Twice I've done this road race and twice I've been dropped. Both times it was on the long hill that precedes the left-turn to the feed zone - one year on the last lap, another on the very first. So my goals going into this year's race were modest - stay with the pack so that I could provide support to our GC guys and help them get into breaks. I had no intention of being in a break myself, not even a pretend-break designed to set someone else up. Fear of this course had me on my heels, and I was in vigilant match conservation mode from the outset. The power and times you see here are for the pack (which I was able to stay with), not any breaks.
A couple things worth noting:
- Hotter than you think: The temperatures were in the low 90s for most of the day, but that's at some weatherstation on a pole at an elementary school. It's hotter on the road, with the sun reflecting off the asphalt all day. The iBike records the temps at 102 degrees for this ride.
- The long hill climbs 148 feet in .8 miles, for an average slope of 4%. But the steepest pitch is over 15%. Mormon Hill in Bethesda, by comparison, climbs 200' in about the same distance for a 5.5% average pitch with 14% spikes. They're comparable. I've done little training on Mormon Hill this year but spent a ton of time out there last year. So while my legs weren't exactly primed for the effort, my head was. It helped.
- The Breaks vs the Pack: The pack raced the first 3 laps of the race in 48:30 and the second half in 49:00. The breaks got away in the second half and gapped the field by 1:16 and :48. This means that the pack slowed down a hair in the second half, while the breaks picked up the pace a fraction. (It's not surprising that most of these guys doing negative splits in the RR to stay away did well in the TT on Sunday also.)

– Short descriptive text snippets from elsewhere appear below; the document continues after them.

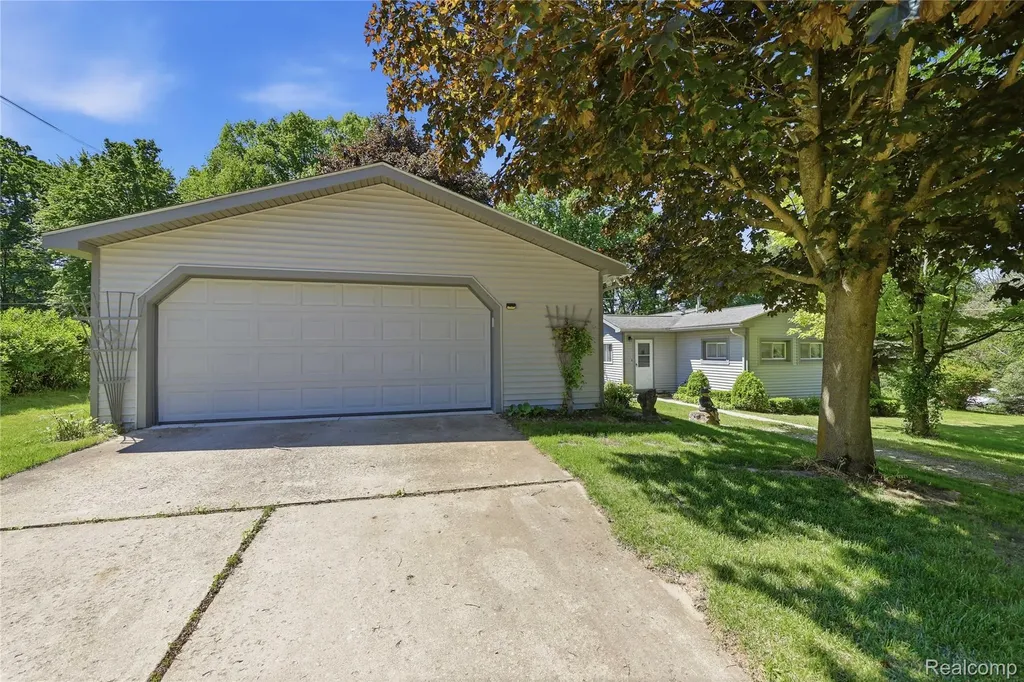 3700 Sylvester Drive Dryden Township MI 48428
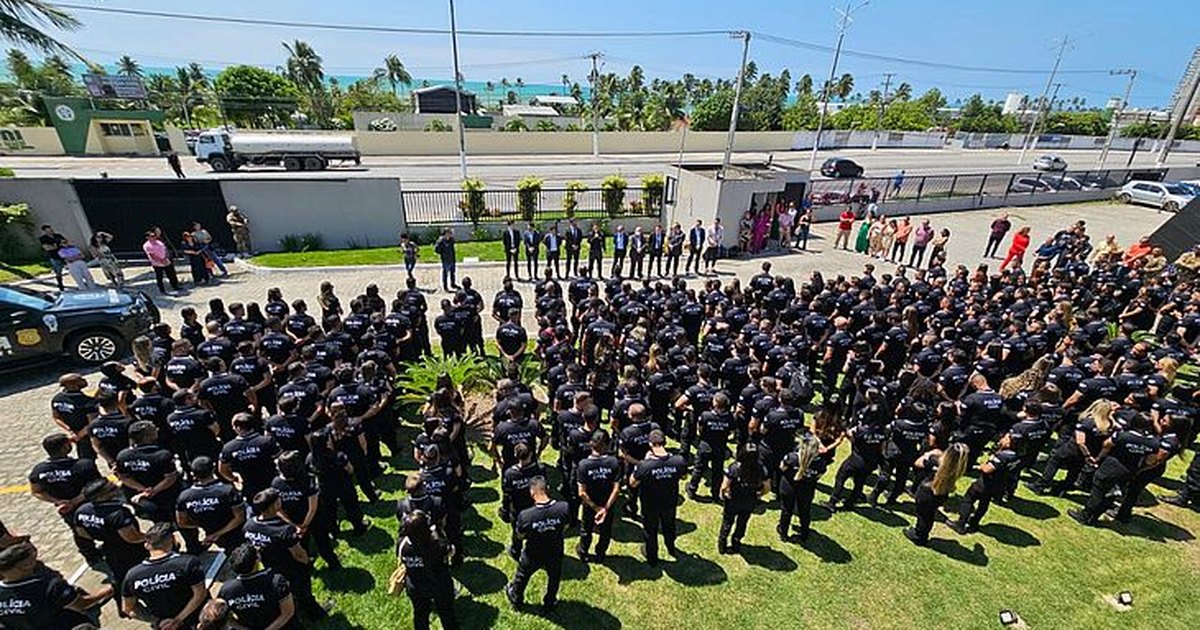 Polícia Civil De Alagoas Empossa 300 Novos Agentes E Escrivães Já é Notícia 6757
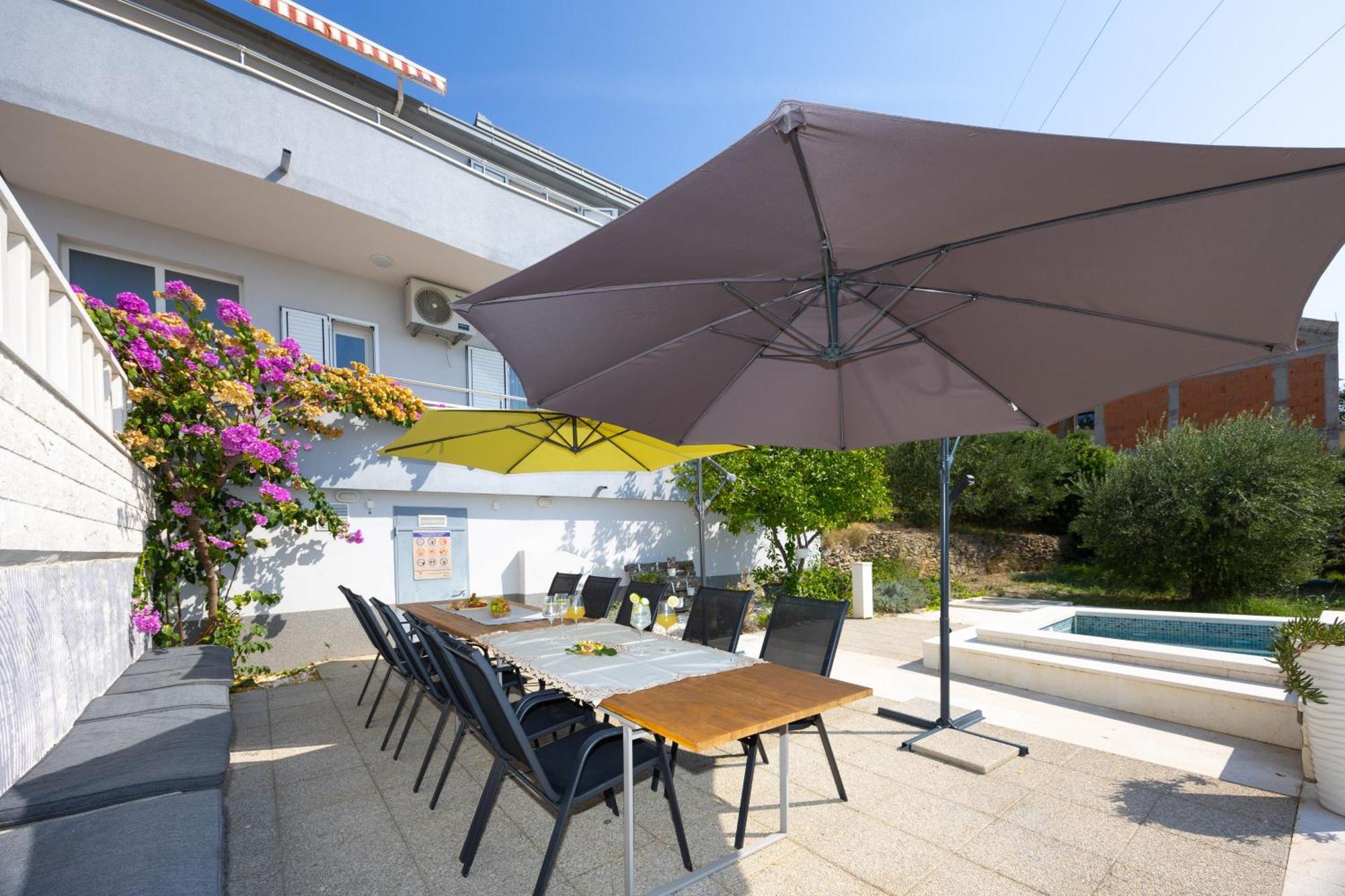 Kaštela Casa Felice Apartments-Holiday Home מראה חיצוני תמונה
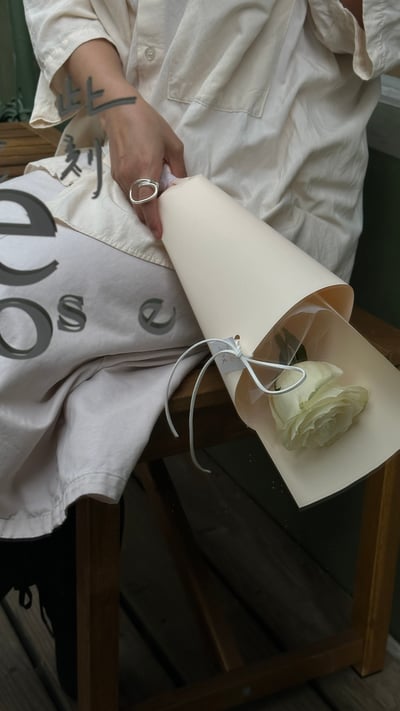 單支白色玫瑰花束8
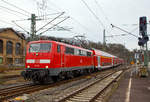 Die 111 121-0 (91 80 6111 121-0 D-DB) der DB Regio NRW erreicht am 30.03.2018, mit dem RE 9 (rsx - Rhein-Sieg-Express) Aachen - K�ln - Siegen, den Bahnhof Betzdorf/Sieg.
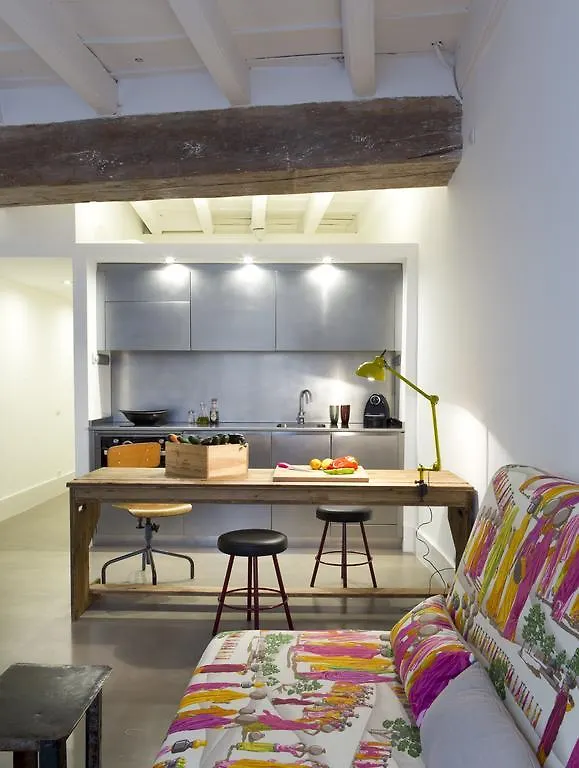 Best House Best Place Barcelona 0*,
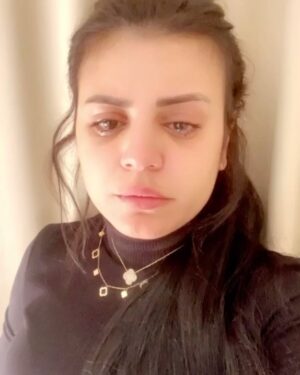 Fatima Ezzahra Lahrech Instagram - ما تخليوا حتى حاجة تبكيكم 😊😊
الحياة زويييينة بحالكم ❤️❤️
Makeup by me 🥰
#challenge #challengemakeup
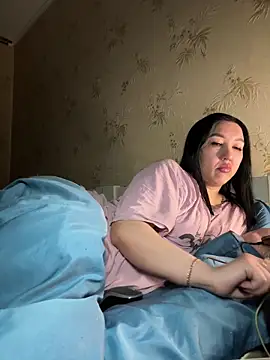 Naughtbaby 2025 online show from 12-21-25, 12:46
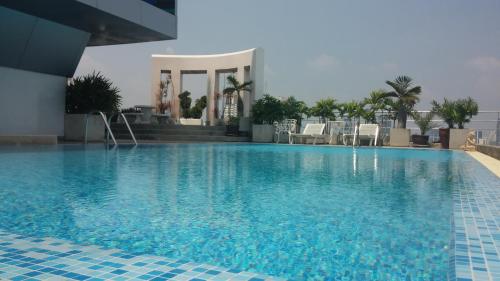 Фотография гостиницы Interchange Tower Serviced Apartment - SHA Extra Plus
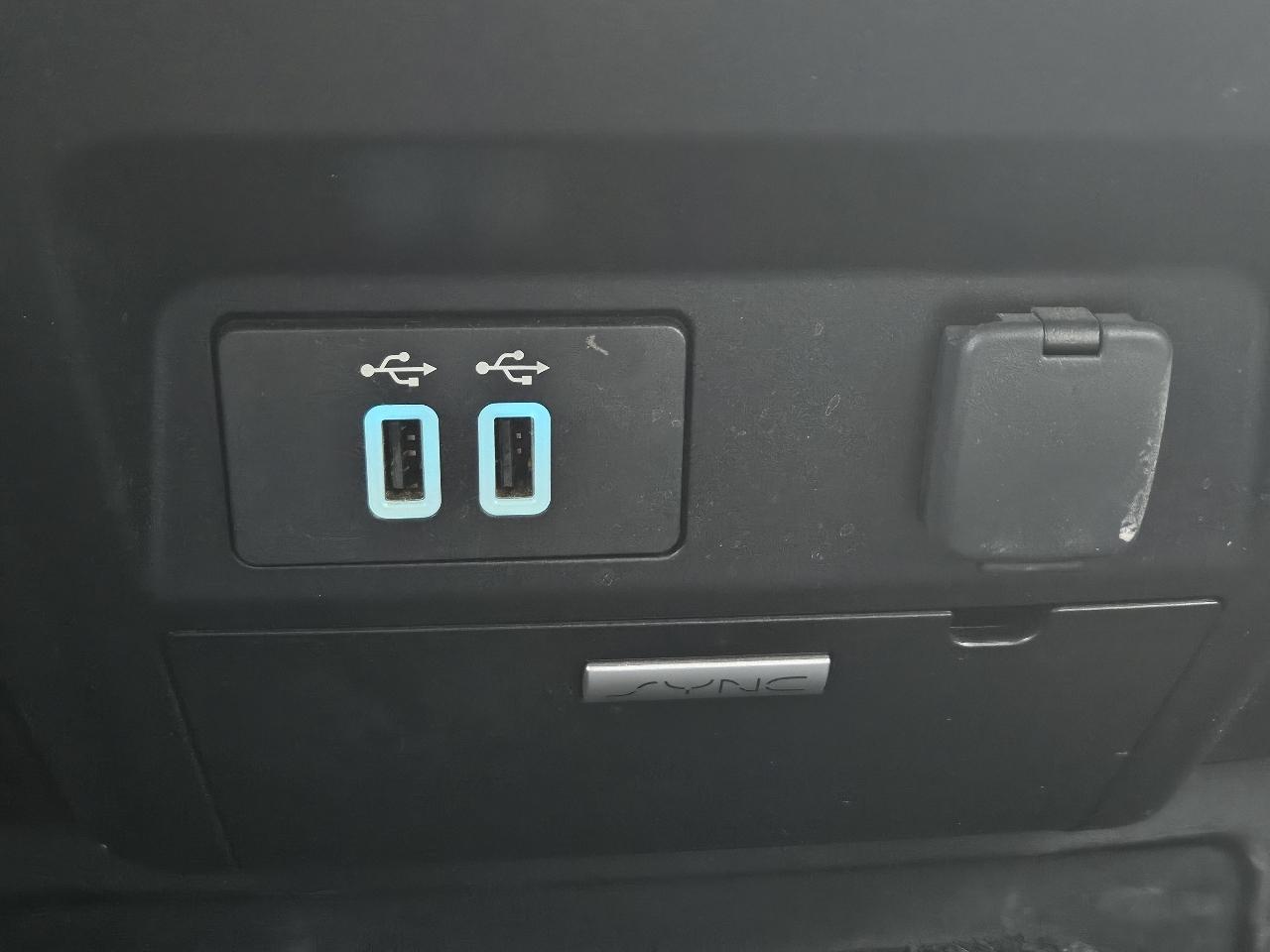 Ford F-150 4WD SuperCab 133" XLT 2018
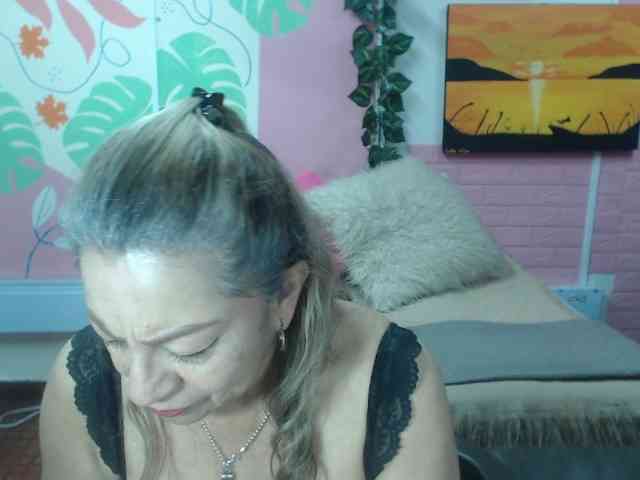 valeria-sexy webcam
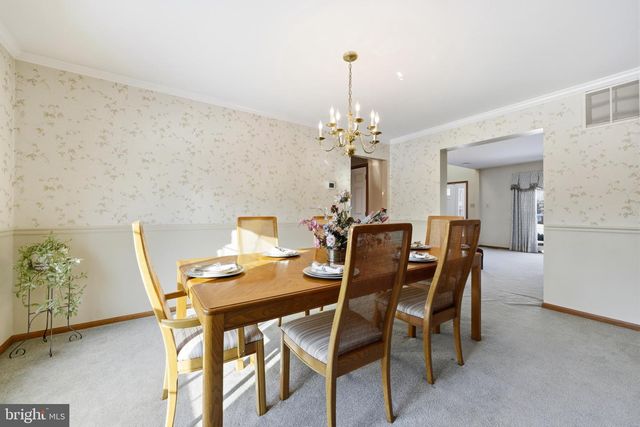 14 PATRIOT LN, Blackwood, NJ 08012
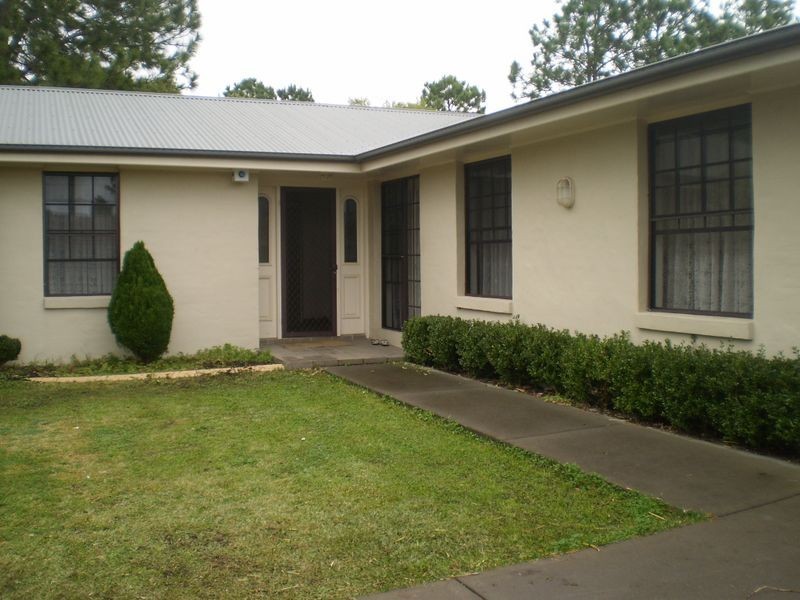 9 Lakeview Crescent, Raymond Terrace NSW 2324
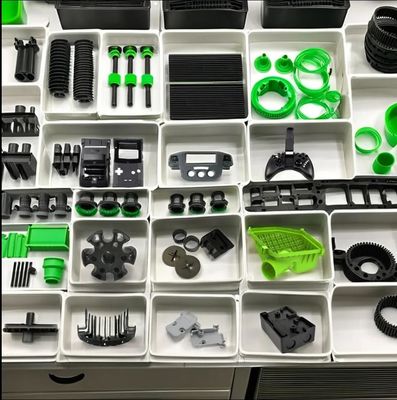 Fabrica de productos moldeados por inyección de plástico a medida Fabrica de OEM Fabricación de piezas moldeadas Moldeados de alta calidad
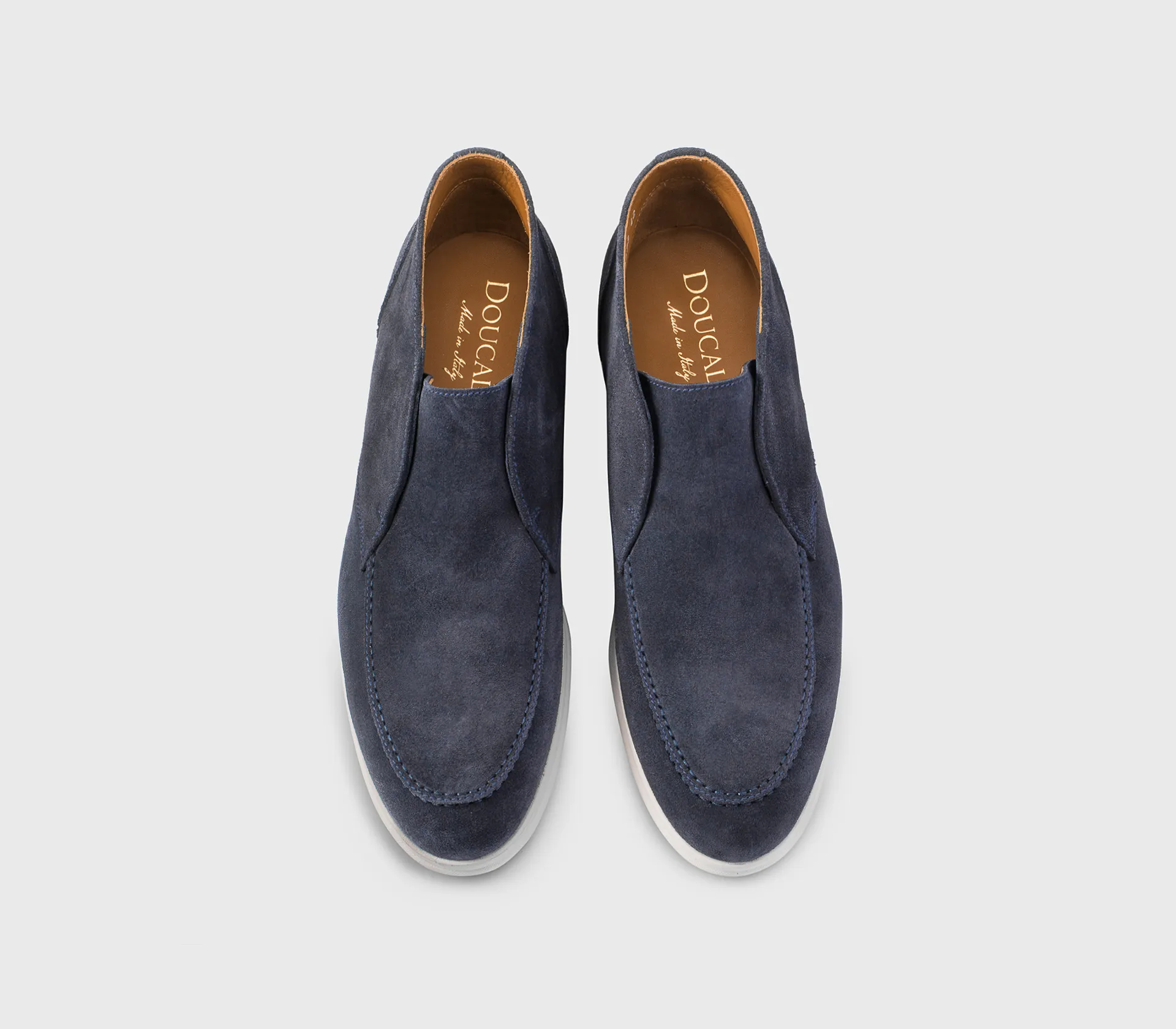 Chukka loafer in blue suede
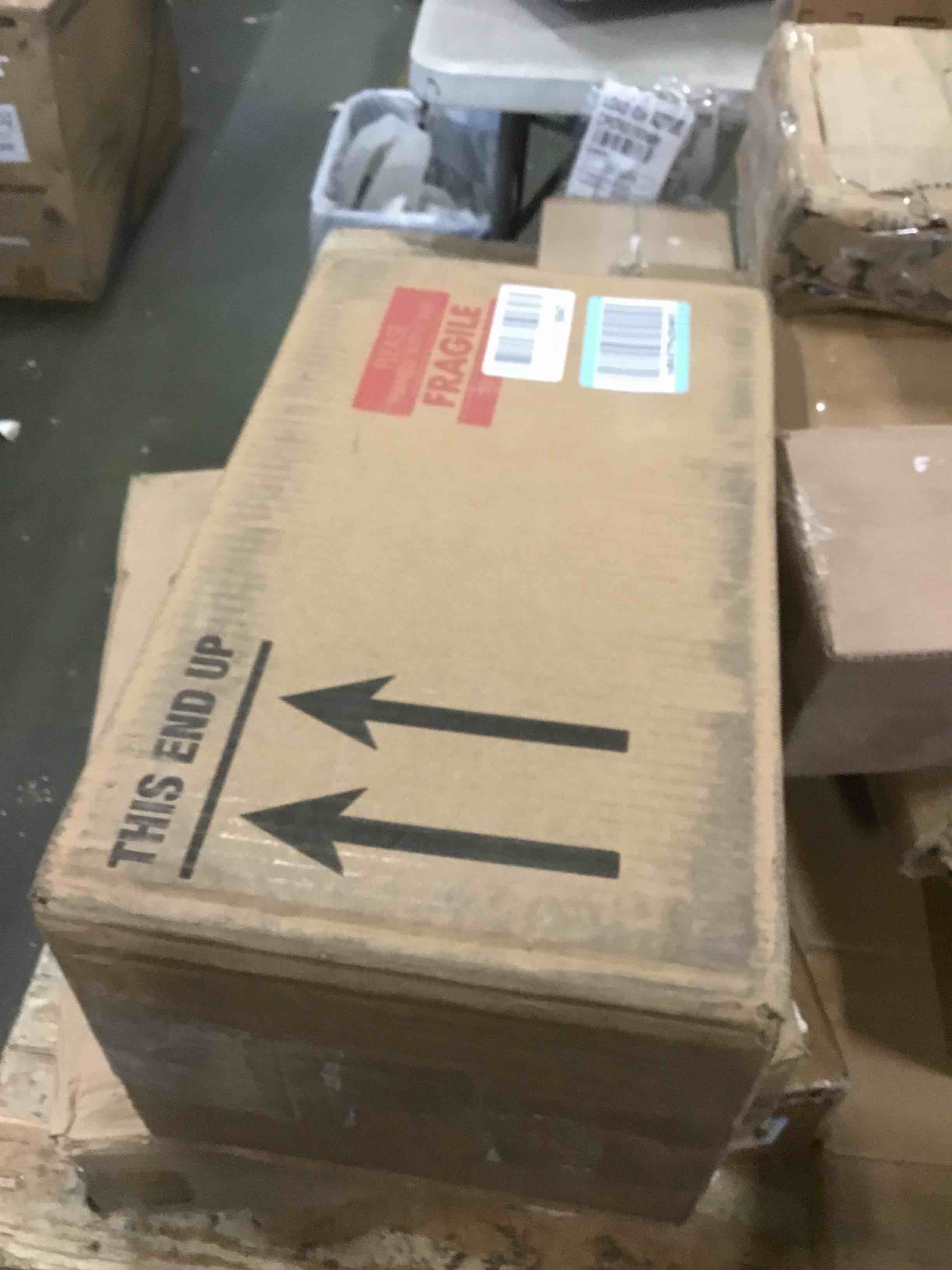 https://s3.amazonaws.com/lotting-images-prod/bidfta/BLU6357786_1711632313968.jpeg
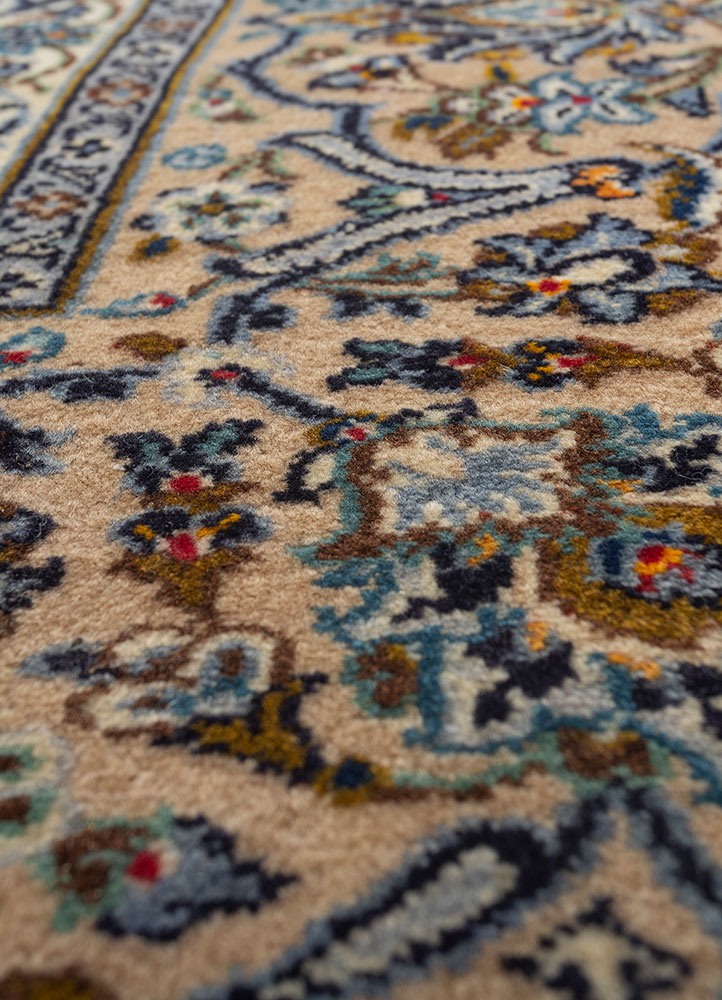 aalam gold wool hand knotted Rug - CloseUp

The iBike software does something cool for circuit races like this. It looks at the elevation and distance and is able to automatically identify the laps, which it breaks out in the bottom left. Clicking on any of them gives you all the data (Power, NP, Time, TSS, etc) for any of the laps individually. Here's how each lap compares:
Lap # Time / Power / NP
1 15:57 / 196 W / 292 W
2 16:43 / 180 W / 285 W
3 15:49 / 198 W / 291 W
4 15:53 / 212 W / 289 W
5 17:10 / 180 W / 266 W
6 17:06 / 206 W / 283 W
Curiously, there are no consistent power spikes lap to lap. The long hill was between 350 - 400 watts without fail. The sharp climb just after the smelly barn was harder at about 450 watts each time, but was less than a minute long. But after a few laps in 102 degrees, I guess 450 felt more like 600. I got pretty worn down out there.